The first tower was hit.
Then the second.
I went back to the house. I found my sister. I was crying. I called my mom on the house phone.
“What’s going on, Mom?”
“I don’t know, Ashli. We love you.”
There was more. But I can’t recall what it entailed.
It was just weird. Surreal. The whole day was full of fear. I watched as they reported that President Bush was in Omaha. NO. Please. Don’t tell the crazies that he’s in Omaha. He later recited the 23rd Psalm. The words had never meant so much to me.
I was one of the people who rushed to give blood. Not knowing it wasn’t really the best thing for the day. Because they’d be needing it for months to come.
We made a banner, because it’s what we could do … Do your part. Have a heart. Donate Blood.
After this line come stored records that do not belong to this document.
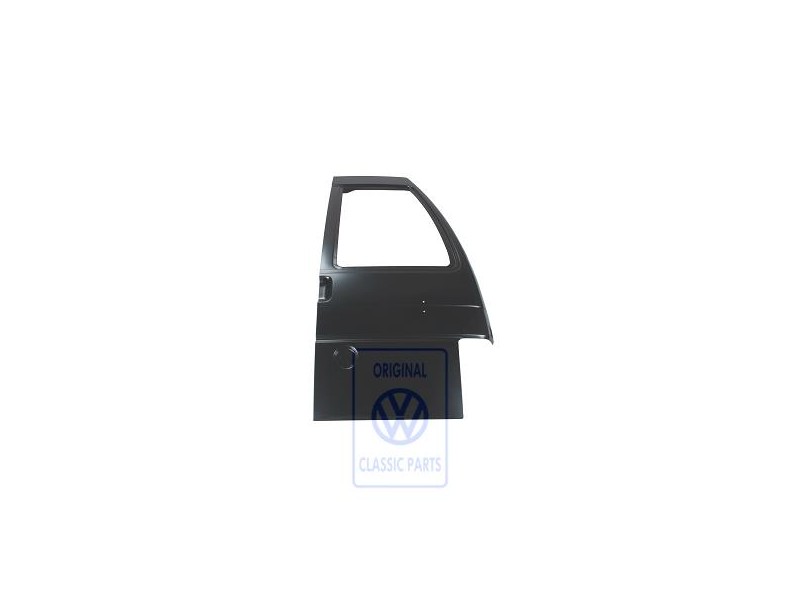VW Original Puerta Alta Doble Hoja Con Recorte Ventanilla - 721827104G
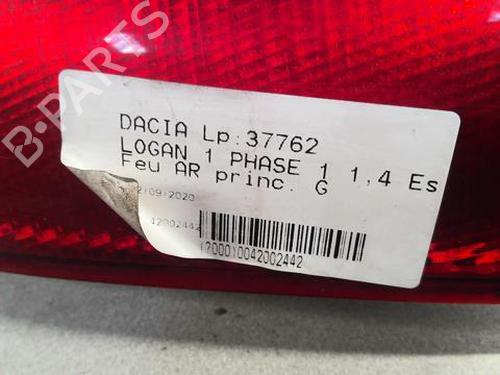 Used Left taillight Left taillight DACIA LOGAN (LS_) 1.4 (LS0A, LS0C, LS0E, LS0G) (75 hp) 22002274 22002274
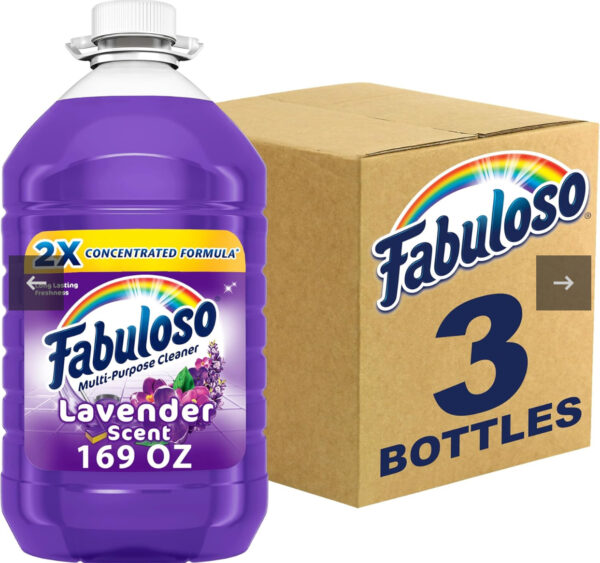 Fabuloso surface disinfectant 6.2L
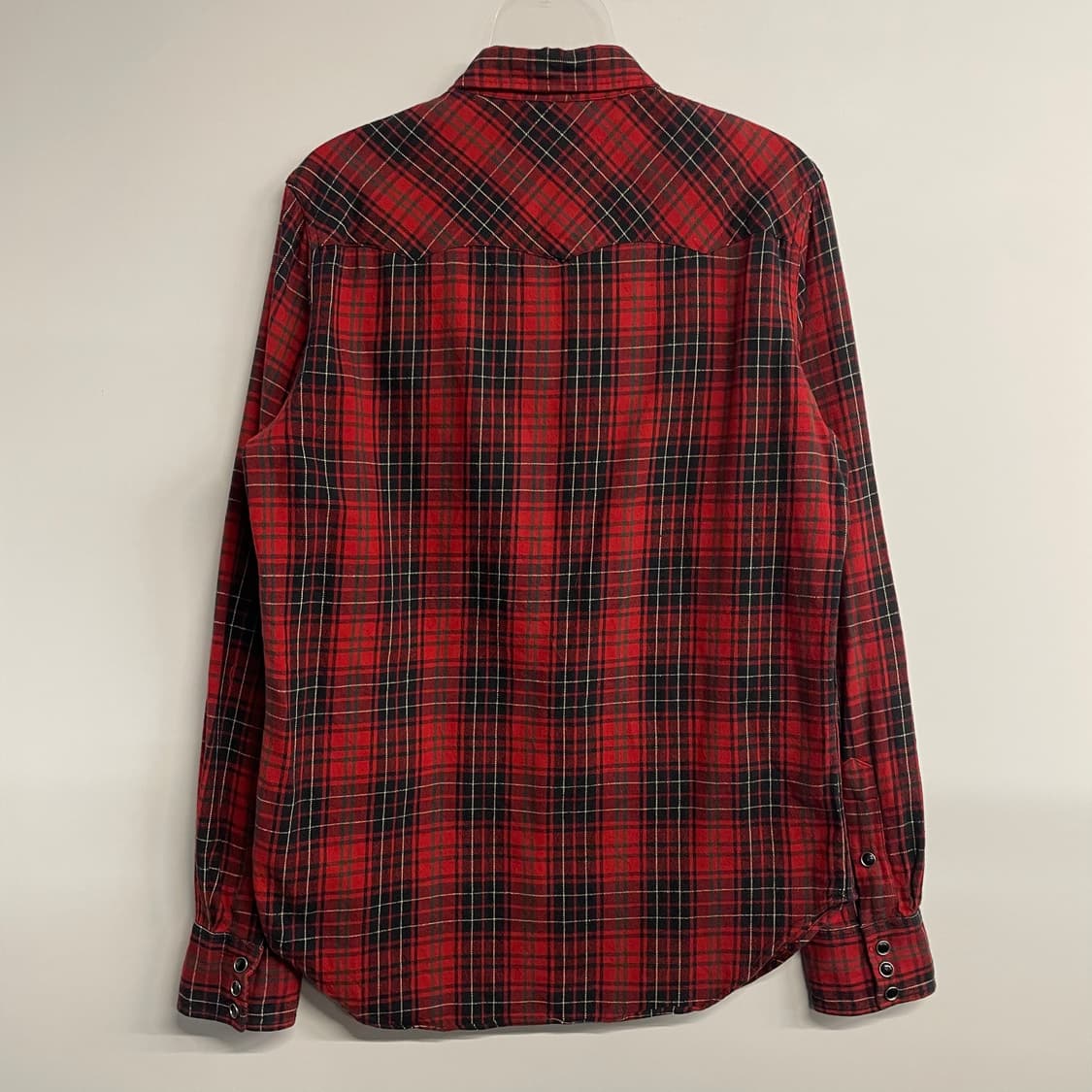 더블알엘 플래드 트윌 웨스턴 셔츠 상품이미지7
And I couldn’t take my eyes off the coverage. All day long. I sat in the TV room with my sorority sisters. I was paralyzed with fear.
As I got into my top bunk that night. I didn’t want to close my eyes. What if tomorrow was worse? What if this was it? What if… what if… what if. And I prayed. So hard. And just hoped that tomorrow would be.
And for the first few weeks, months, year… each day was a little scary. And then we started to move past. Forget. Not forgetting the day. Where we were. But the feeling. Of being under attack. Of needing to pull together. To be one nation. United.
Every year. For the rest of my life. I will remember where I was. How I’d never been so scared in my life. How I thought it was the end of things. And how I just wanted my family. To hold them. To tell them I loved them. That, at the end, it was the people… not the things… that mattered. Just like everyone always said.
Where were you… have you forgotten? How did 9/11 change you?